# In Ceiling vs Satellite for 5.1 "Low Profile"



## Guest (Sep 17, 2008)

From a recent thread I began in the HTIB section (see "small speakers/mid-size room"), it was suggested that I also look into various in-ceiling speakers instead of satellite speakers for a 5.1 system in my living room. Not believing I never really looked into this!! :duh: I hit the forum for various threads on in-ceiling speakers. This left me with a few new questions :dizzy: I hope someone can assist with:

Given the requirement that I need low profile ceiling mounted speakers (comparable in size to Bose Jewel Cubes), would I get better sound from a Satellite system hanging down from the ceiling or from in-ceiling speakers with a bit more range (but less position-ability)? The height of my ceiling in the living room is 9 feet.

Any input on this issue would be greatly appreciated, also any models recommended would be great!!!

Thanks


----------



## salvasol (Oct 31, 2006)

here is some  RHB speakers  :yes:

Read this article on  How to choose in wall/in ceiling speakers ... it may help you :yes:


----------



## Guest (Sep 17, 2008)

Great Info!! I have been looking at a few pairs of Boston Acoustics (DSi465) and maybe a slightly higher model for the center channel. I like the idea of being able to select my choice of Sub as well as receiver. I do have a few questions.
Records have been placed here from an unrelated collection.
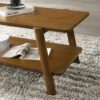 Metz - Mid-Century Modern Wood Shelf 3 Piece Coffee Table Set - Walnut - Image 5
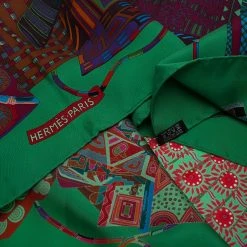 Hermes Green Voyage En Etoffes Silk Square Scarf For Women -Deals Hermes Store luxury women hermes used accessories p61838 005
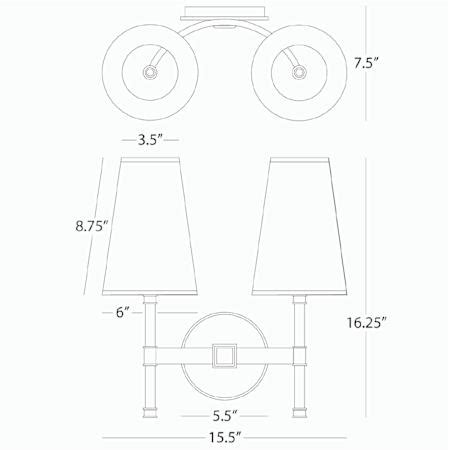 Robert Abbey 593 Voltaire 2 Light 16" Wall Sconce | Ferguson Home
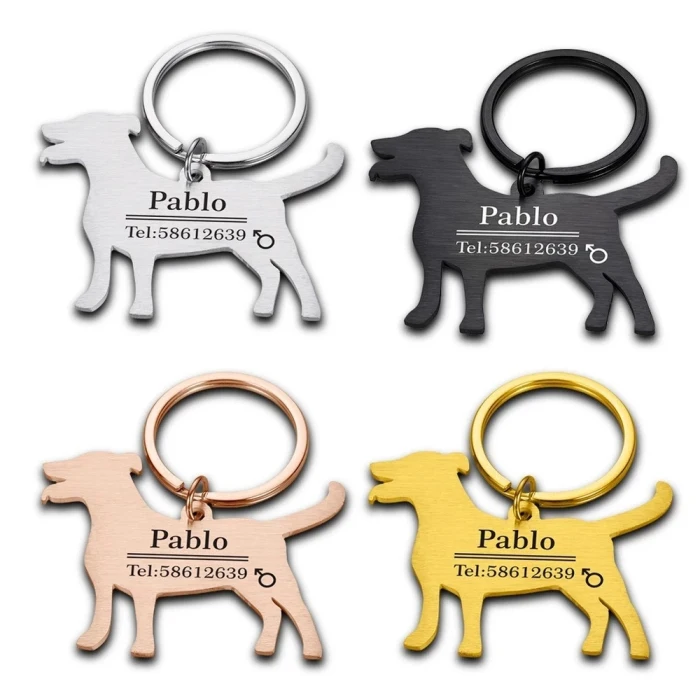 Customized Message logo ID Text Engraved Pet Tag Jewelry Stainless Steel Custom Blank Dog Shaped Pendant Keychain Wholesale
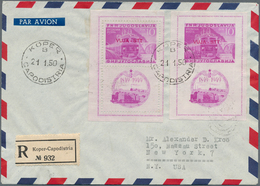 01519 Jugoslawien: 1950,'100 Years Railway': Both Miniature Sheets (perforated And Imperforated) Together - Lettres & Documents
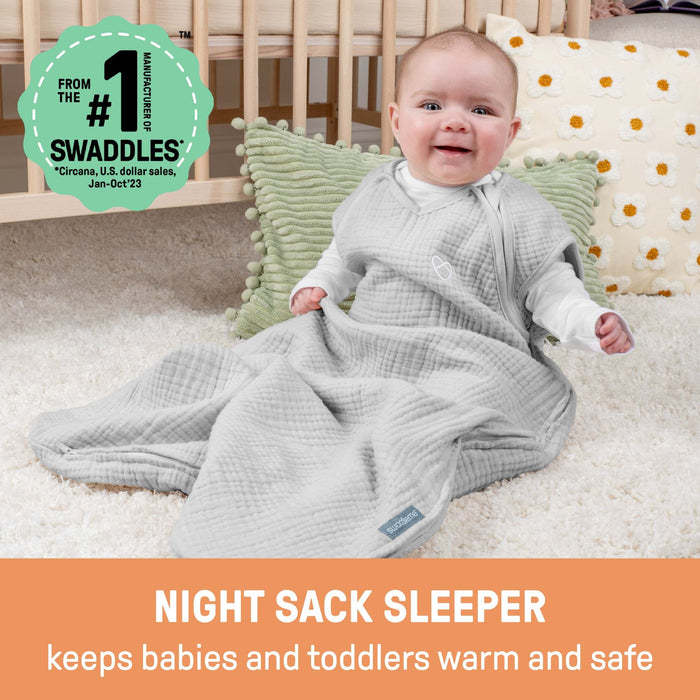 SwaddleMe Night Sack by Ingenuity soft cotton wearable baby sleeper for 3-18 months, 1.0 TOG, hip-healthy, extra-long zipper for easy diaper changes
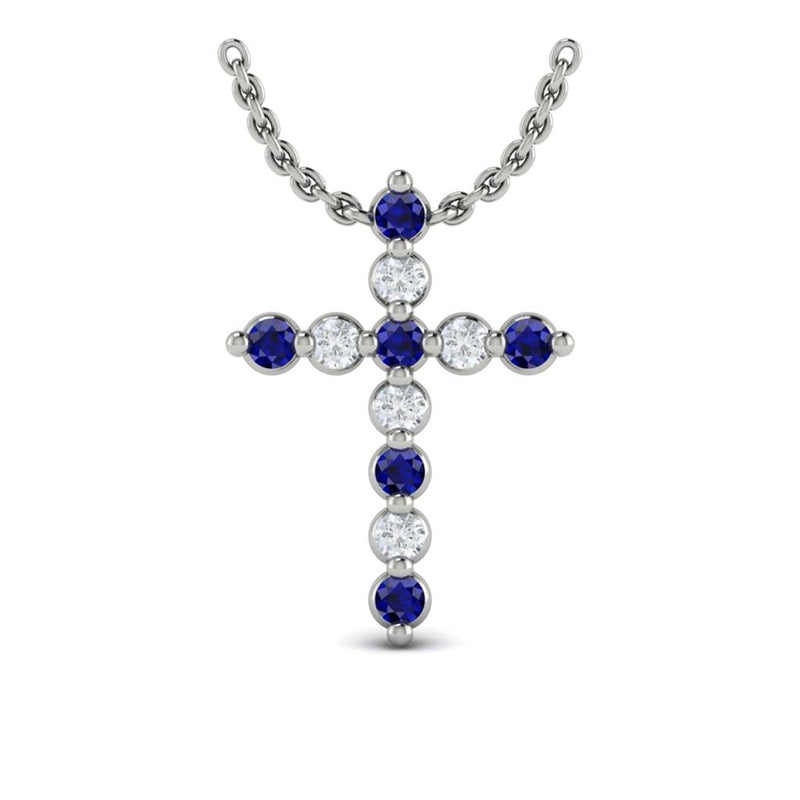 Vlora 14k White Gold Adella Color Collection Sapphire and Diamond Cross Pendant Necklace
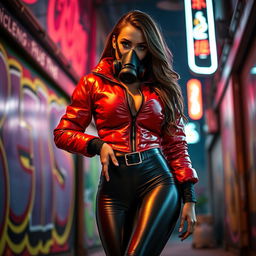 A hot slim girl with big boobs, exuding confidence in a shiny red tight puffer jacket that hugs her curves perfectly, and fitted black latex leggings that enhance her sleek physique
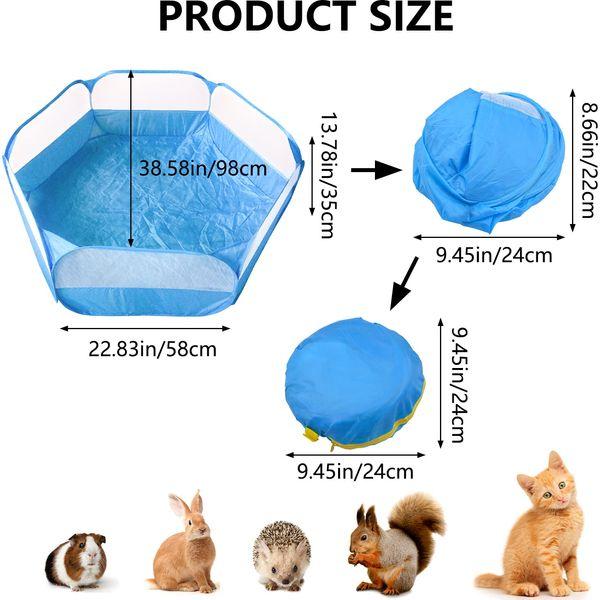 HACRAHO Small Animal Playpen, 1 Pack Portable Small Pet Cage Tent with Storage Bag Foldable Yard Exercise Fence for Rabbits Hamster Guinea Pig, Blue Half Net 1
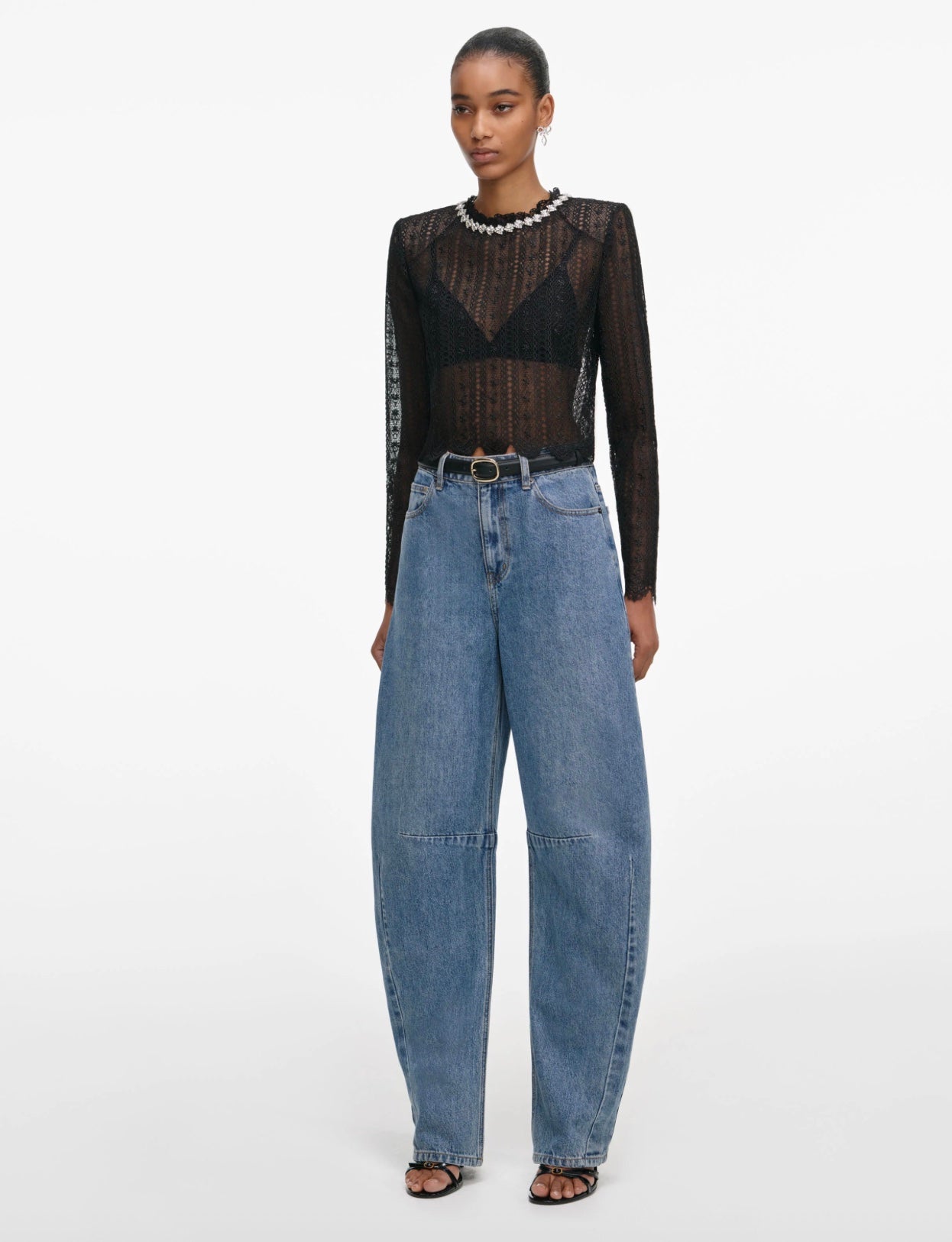 Self Portrait Black Organza Lace Top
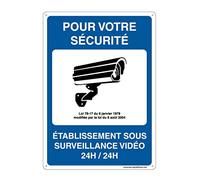 AUA SIGNALETIQUE - Panneau Prépercé avec Angles arrondis - Etablissement sous Surveillance Vidéo 24h/24h - 210x300 mm, Aluminium Dibond 3mm
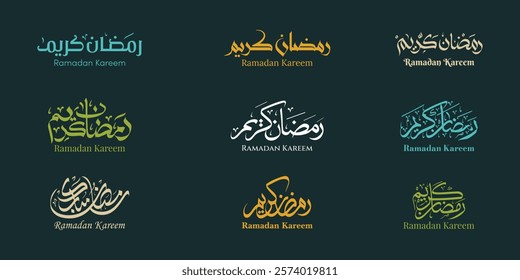 Ramadan Kareem Arabic Islamic Calligraphy in different styles. Ramadan Mubarak Vector Typography art for festive design, creative projects. Happy Holy month of Ramadan beautiful lettering in Arabic.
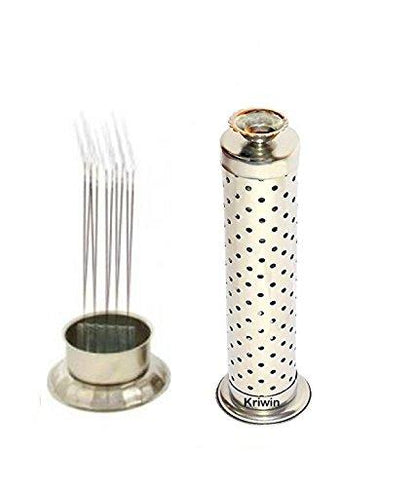 Metal Agarbatti Stand With Dhoop Holder (Silver)(Cylindrical) - Premium  from Mystical9 - Just Rs 600 /- Shop now at Mystical9.com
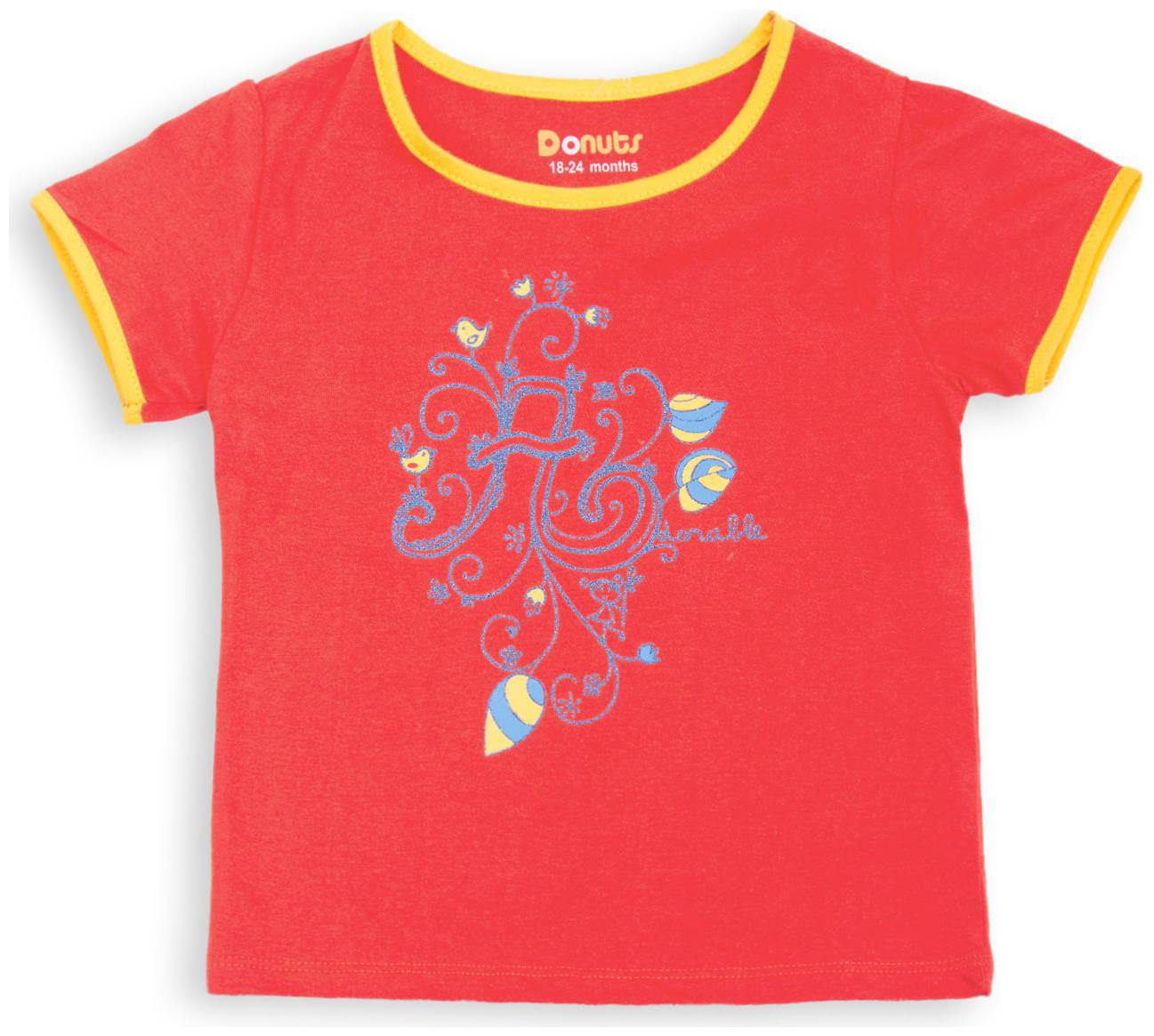 

Donuts Cotton Printed T shirt for Baby Girl - Red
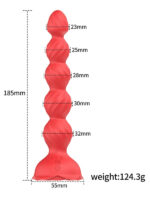 Censan Telefon Kontrollü Haley Rose Pulled Beads Anal Plug – Kırmızı - Görsel 2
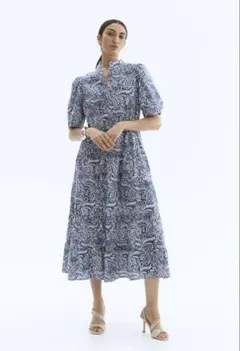 H&M コットンロングワンピース　新作　ブルー　ペイズリー　XS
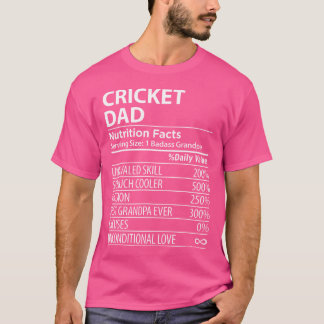 Cricket Pappa Nutrition Facts Funny Cricket Pappa T Shirt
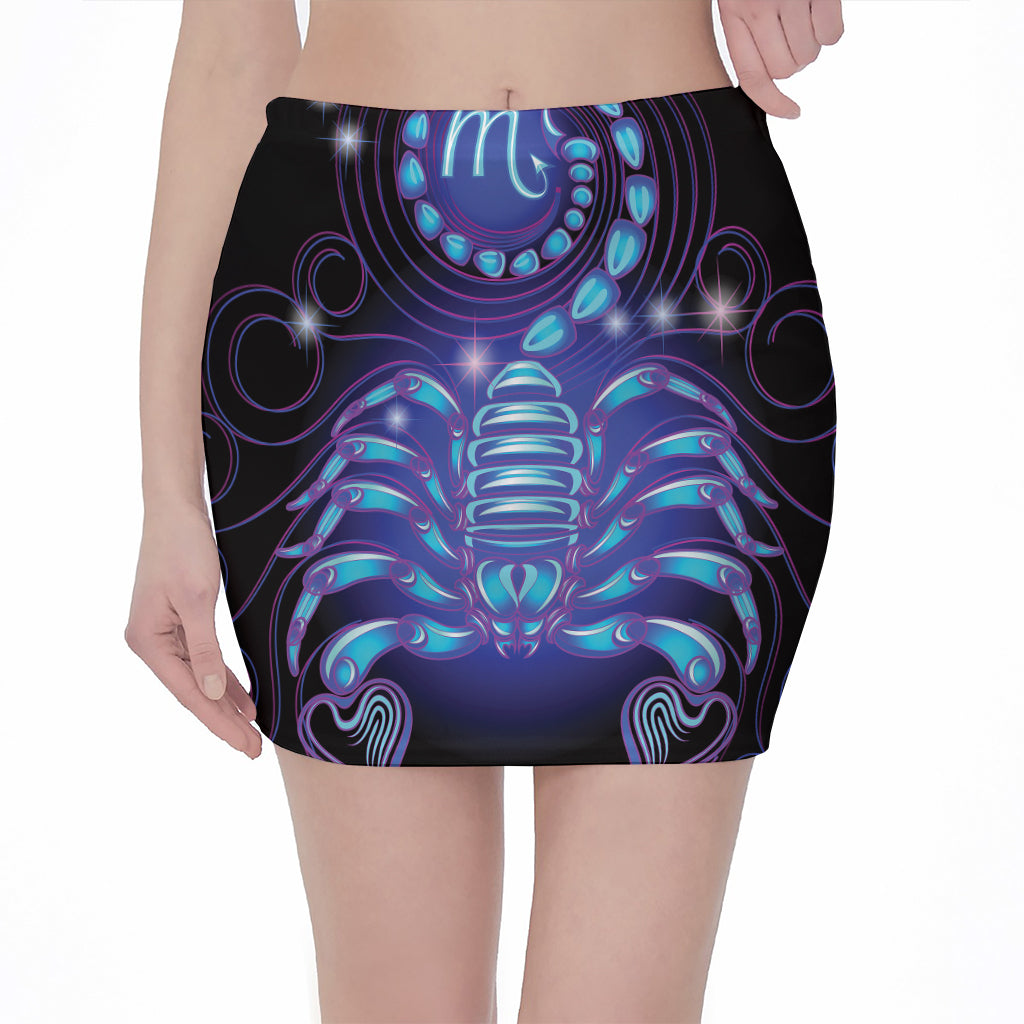 Dark Scorpio Zodiac Sign Print Pencil Mini Skirt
1. Given that our living room is underneath a bedroom, is there much sound transfer between the speaker and the floor above? (Speaker woofer size between 6 and 6.5 inches)

2. Is there a benefit to getting a 3-way for the center speaker? Or any preference over tweeter composition and design (silk, cone, dome, etc.)?

:T


----------



## DougMac (Jan 24, 2008)

I read your other post. Based on it and your post here, it sounds like you're thinking about locating *all* of your speakers in the ceiling as an alternative. I think folks who mentioned this alternative meant the more traditional in wall for the front speakers and in ceiling for the surrounds.

If your intent is proof of concept to your wife, I don't think either small satellites or in ceiling L/C/R will do justice to the potential of surround in your future home theater. You've already heard small Bose and mentioned your were underwhelmed. While part of the problem is the poor quality of Bose products, there are laws of physics that cannot be overcome even with the finest quality and design. In other words, any speakers the size you mention will be a comprise.

If you put your L/C/R in ceiling, the fact they're down facing and up high will comprimise imaging and soundstage. Speaker manufacturers can be quite specific about speaker height and distance. When you've heard a system properly configured, you'll understand why.

There are better solutions to simplicity than buying a HTIB. You can use a good receiver with a DVB/Blu Ray Player and a cable/satellite box and still have ease of use. Just buy a good universal remote, such as one of the higher end Harmonys. They can be programmed for one touch movie or TV viewing which will be no more complicated than the all-in-one solutions.

Doug


----------